Gerald Chippeur shared a summary of homosexuality and religious liberty cases in Canada where homosexual marriage was recently adopted. One Christian university in Alberta was sued for firing a professor who advocated against their doctrinal position on homosexuality. The Supreme Court of Canada ruled that the university had the right to employ only those who uphold their religious norms. In another case, the Adventist church joined in advocating for a Christian university that was denied education program accreditation in British Columbia because of their beliefs on homosexuality. That denial of accreditation was also overturned. In Saskatchewan, there is a case before the courts attempting to remove marriage licenses from minsters who refuse to perform same sex marriages.
Alan Reinach opened by stating that it is impossible to overestimate the risks for religious liberty in homosexual marriage. He thinks that Adventists are not by nature partisans in the culture wars but believes that our ability to operate our institutions and live according to our consciences is under threat because homosexual activists are no longer willing to live and let live. He held up California as a legal bellwether, and claimed that the California Supreme Court has in the last 15 years consistently upheld homosexual rights and waffled on free exercise of religion. Reinach believes the fundamental problem is the belief that equality trumps liberty.

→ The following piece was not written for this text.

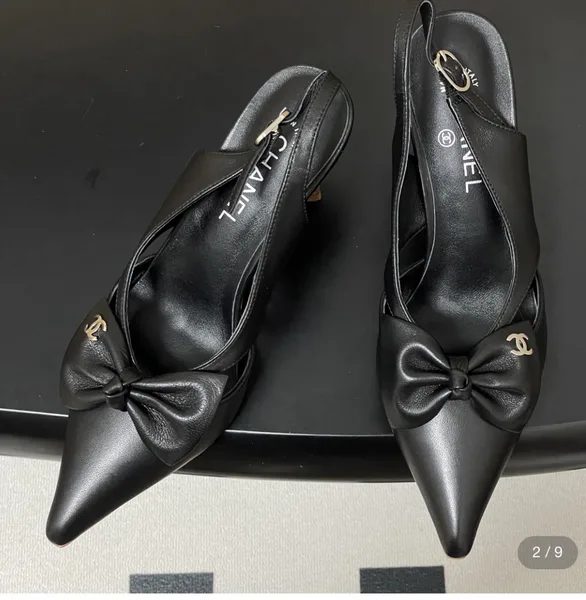 Chanel slingback pumps product photo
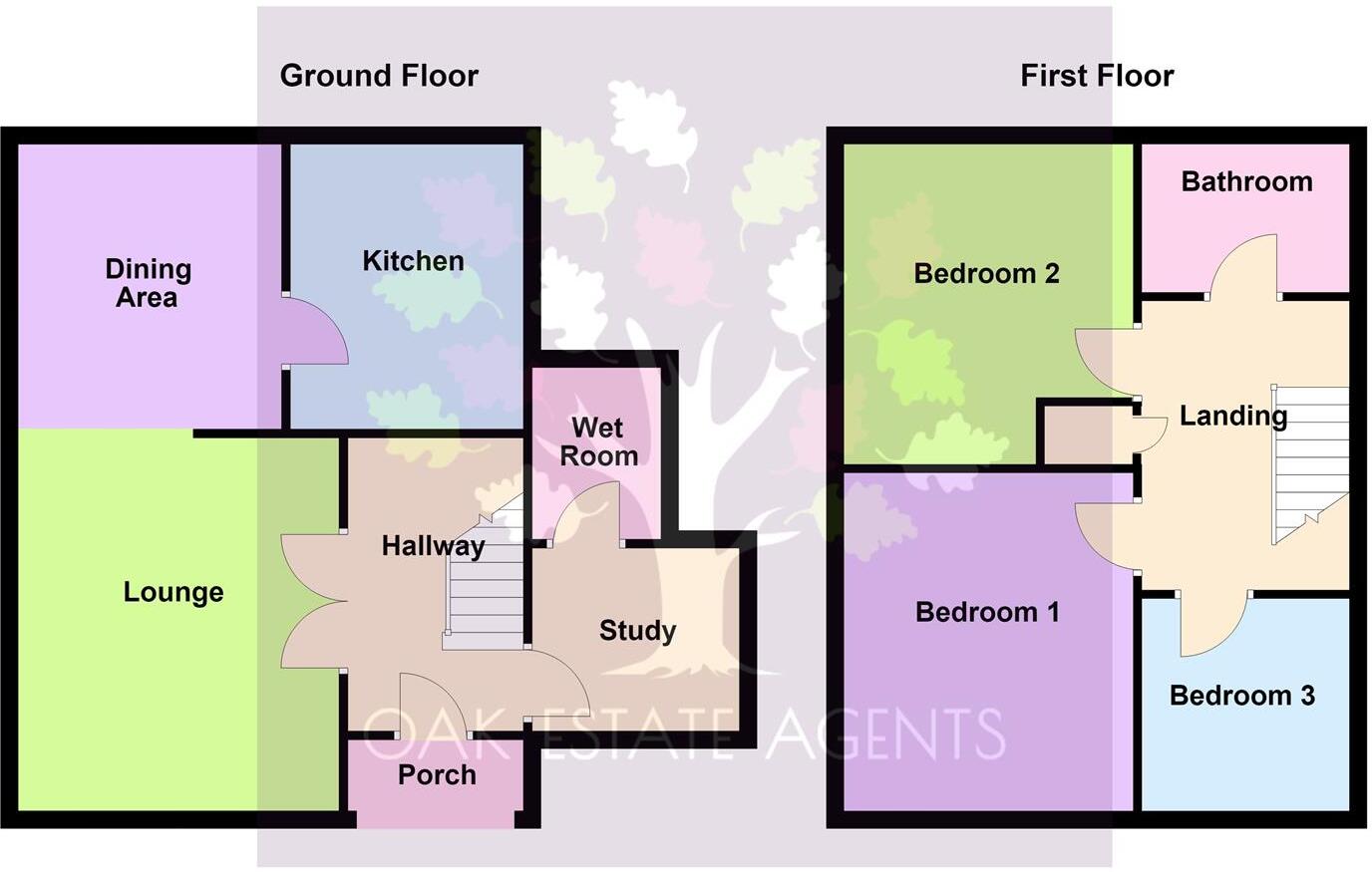Stone Lane, Winterbourne Down, Bristol floorplan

Bill Knott addressed the question of whether Adventists should be in politics directly, arguing that religions by default become involved in politics, unless they are purely cultic and awaiting immediate translation. His thesis is that early Adventists became involved in selected issues, such as abolition and prohibition, that they believed had special moral significance. He pointed to the early Review as a place where abolitionist invective against the American government was much stronger than what we would tolerate today (think Jeremiah Wright), and shared his discovery that Ellen and James White lived 500 yards from Fredrick Douglass, whose magazine, The North Star, had editorials strikingly similar to those of the Review. He also pointed to the church's later failures to act on the issues such as the 60s civil rights movement and the internment of Japanese Americans as undermining our religious liberty position at that time.
Disclaimer: I have summarized the views of the presenters to the best of my ability, however my summary should not be conflated with their actual views. For this reason, any attempt to debate the presenters views in the comments section will be deleted. Comments that seek clarification are welcome.